Monday, July 26, 2010

Yet More Tagging Progress!

The 319 handles in the "between 100 and 999 comments" bracket have been tagged. Learned many interesting things.

About a third of the handles were pretty obvious names that were familiar to me. They took about as much time to tag as the over 1000 group.

However the remainder were kind of forgotten to me and I had to flip between my tag file and a little query script to scan their comments to answer the question - troll or non-troll?

It was a longer slog than I cared for but... It was a pretty interesting bunch of comments.

Some comments came from single-issue type people who impressed me with the depth of their knowledge on their pet issues - everything from the ferries to Sound Transit to whatever was the issue of the day at HA.

Some were from lefties that had little regard for the Dems and predicted (fairly accurately) that people on the left were getting their hopes up way too high for the Dems to deliver any appreciable change.

Some comments came from righties (a few, mind you) that believed more or less the same thing and were pretty disgusted with how the Republicans had screwed up things. I could not in good conscience call these righties trolls.

There was even one right winger who impressed me as being genuinely interested in putting forth an intellectually sound and nuanced argument. One. Just one! This winger was sounding out a lefty for his personal opposition to abortion. I made a note to myself to read the entirety of this right winger's comments.

See trolls? You can get some positive attention from us if you quit the name calling, turn off the right wing hate radio and other degenerate propaganda and think deeply through your positions on the issues.

All in all it was somewhat tedious but rewarding work and at this point I'm 84.5 percent of the way through tagging the entire comment database.

The next bracket, the "between 10 and 99 comments" bracket has a touch over 1400 handles in it.

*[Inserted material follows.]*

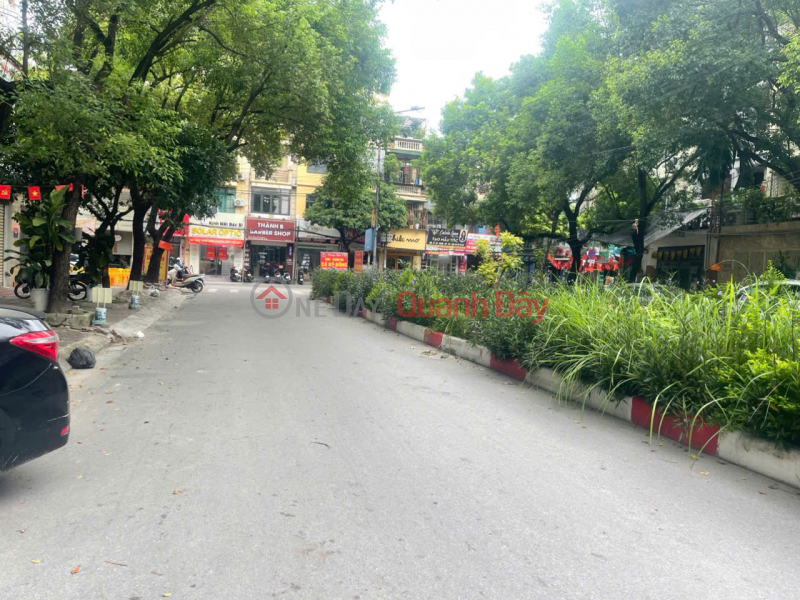 NHÀ ĐẸP KDT VĂN QUÁN - PHÂN LÔ - VỈA HÈ - OTO TRÁNH - 66m², 4 TẦNG, MT 4.2m Việt Nam, Bán | đ 19 tỷ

Already started with the ones that are most familiar. We'll see how it goes. Again, after that, I'll have the comments 94 percent tagged.

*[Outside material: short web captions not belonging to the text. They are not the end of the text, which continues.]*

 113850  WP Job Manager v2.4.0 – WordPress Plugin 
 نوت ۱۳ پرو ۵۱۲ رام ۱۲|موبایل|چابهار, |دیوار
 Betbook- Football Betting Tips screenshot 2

Beyond that? Well "the swamp" (almost 14,000 handles!) has some interesting critters in it indeed. I won't ignore it. Trolls, be advised: you can run (or swim) through "the swamp", but you can't hide.

Lastly there's the job of sifting through handles that have switched between troll and non-troll identities - separating the troll from the non-troll to even the spam comments wrapped under one handle. I started sketching out a user interface to a web app that will help with that and the whole tagging, typing chore to boot.

I've pretty much settled on the Sinatra framework for the web app. Gonna be a whole lotta fun!

2 comments:

demo kid said...

Are you planning to use some type of latent semantic analysis to show the differences in the way trolls use language? That'd be pretty cool... a la wordle.net?

YLB said...

Oh yeah absolutely. The words and phrases the right wing trolls employ over time are classic.

I want to draw pictures of them just like you see at wordle.net.